The records below hold a stretch from the line with "Manual del jurisconsulto" through the line with "Schneiders Satin Dressage"; return exactly those lines, ends included, and nothing more.

+ + + +

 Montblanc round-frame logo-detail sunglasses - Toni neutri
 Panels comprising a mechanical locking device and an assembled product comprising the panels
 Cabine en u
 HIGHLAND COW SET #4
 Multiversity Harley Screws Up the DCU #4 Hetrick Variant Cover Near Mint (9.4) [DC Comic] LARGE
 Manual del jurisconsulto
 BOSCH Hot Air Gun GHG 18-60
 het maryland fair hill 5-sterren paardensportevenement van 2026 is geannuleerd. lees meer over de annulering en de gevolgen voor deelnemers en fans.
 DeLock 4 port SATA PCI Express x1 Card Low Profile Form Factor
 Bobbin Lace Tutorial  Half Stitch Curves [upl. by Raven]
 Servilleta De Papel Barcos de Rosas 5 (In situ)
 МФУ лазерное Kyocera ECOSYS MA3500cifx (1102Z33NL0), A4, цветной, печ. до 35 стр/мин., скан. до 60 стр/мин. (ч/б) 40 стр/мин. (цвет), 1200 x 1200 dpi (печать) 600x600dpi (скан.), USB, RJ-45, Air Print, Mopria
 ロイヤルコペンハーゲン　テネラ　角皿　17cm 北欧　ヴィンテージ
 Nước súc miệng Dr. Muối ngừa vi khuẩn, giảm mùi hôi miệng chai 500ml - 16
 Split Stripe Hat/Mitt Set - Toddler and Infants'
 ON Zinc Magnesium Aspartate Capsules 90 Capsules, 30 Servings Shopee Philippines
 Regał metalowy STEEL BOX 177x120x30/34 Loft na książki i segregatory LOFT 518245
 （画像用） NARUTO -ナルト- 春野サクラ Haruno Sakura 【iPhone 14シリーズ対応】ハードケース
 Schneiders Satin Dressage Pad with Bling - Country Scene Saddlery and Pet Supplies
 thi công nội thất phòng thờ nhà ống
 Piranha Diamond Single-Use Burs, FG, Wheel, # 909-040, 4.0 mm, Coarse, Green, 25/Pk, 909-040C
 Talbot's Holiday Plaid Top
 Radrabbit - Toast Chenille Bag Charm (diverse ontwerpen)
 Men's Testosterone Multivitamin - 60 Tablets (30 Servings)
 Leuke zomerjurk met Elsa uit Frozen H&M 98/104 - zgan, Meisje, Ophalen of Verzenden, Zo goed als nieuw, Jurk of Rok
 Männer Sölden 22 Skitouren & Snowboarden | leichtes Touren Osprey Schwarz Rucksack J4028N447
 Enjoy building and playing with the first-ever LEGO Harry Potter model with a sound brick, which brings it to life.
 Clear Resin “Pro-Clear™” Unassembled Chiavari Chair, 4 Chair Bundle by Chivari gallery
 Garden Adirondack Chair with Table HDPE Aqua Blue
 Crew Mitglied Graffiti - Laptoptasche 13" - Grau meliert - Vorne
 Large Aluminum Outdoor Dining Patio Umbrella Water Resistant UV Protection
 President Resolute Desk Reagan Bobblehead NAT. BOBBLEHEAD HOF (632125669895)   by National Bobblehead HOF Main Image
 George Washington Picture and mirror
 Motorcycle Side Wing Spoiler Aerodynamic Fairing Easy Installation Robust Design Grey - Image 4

+ + + +

Reply to the task
 Manual del jurisconsulto
 BOSCH Hot Air Gun GHG 18-60
 het maryland fair hill 5-sterren paardensportevenement van 2026 is geannuleerd. lees meer over de annulering en de gevolgen voor deelnemers en fans.
 DeLock 4 port SATA PCI Express x1 Card Low Profile Form Factor
 Bobbin Lace Tutorial  Half Stitch Curves [upl. by Raven]
 Servilleta De Papel Barcos de Rosas 5 (In situ)
 МФУ лазерное Kyocera ECOSYS MA3500cifx (1102Z33NL0), A4, цветной, печ. до 35 стр/мин., скан. до 60 стр/мин. (ч/б) 40 стр/мин. (цвет), 1200 x 1200 dpi (печать) 600x600dpi (скан.), USB, RJ-45, Air Print, Mopria
 ロイヤルコペンハーゲン　テネラ　角皿　17cm 北欧　ヴィンテージ
 Nước súc miệng Dr. Muối ngừa vi khuẩn, giảm mùi hôi miệng chai 500ml - 16
 Split Stripe Hat/Mitt Set - Toddler and Infants'
 ON Zinc Magnesium Aspartate Capsules 90 Capsules, 30 Servings Shopee Philippines
 Regał metalowy STEEL BOX 177x120x30/34 Loft na książki i segregatory LOFT 518245
 （画像用） NARUTO -ナルト- 春野サクラ Haruno Sakura 【iPhone 14シリーズ対応】ハードケース
 Schneiders Satin Dressage Pad with Bling - Country Scene Saddlery and Pet Supplies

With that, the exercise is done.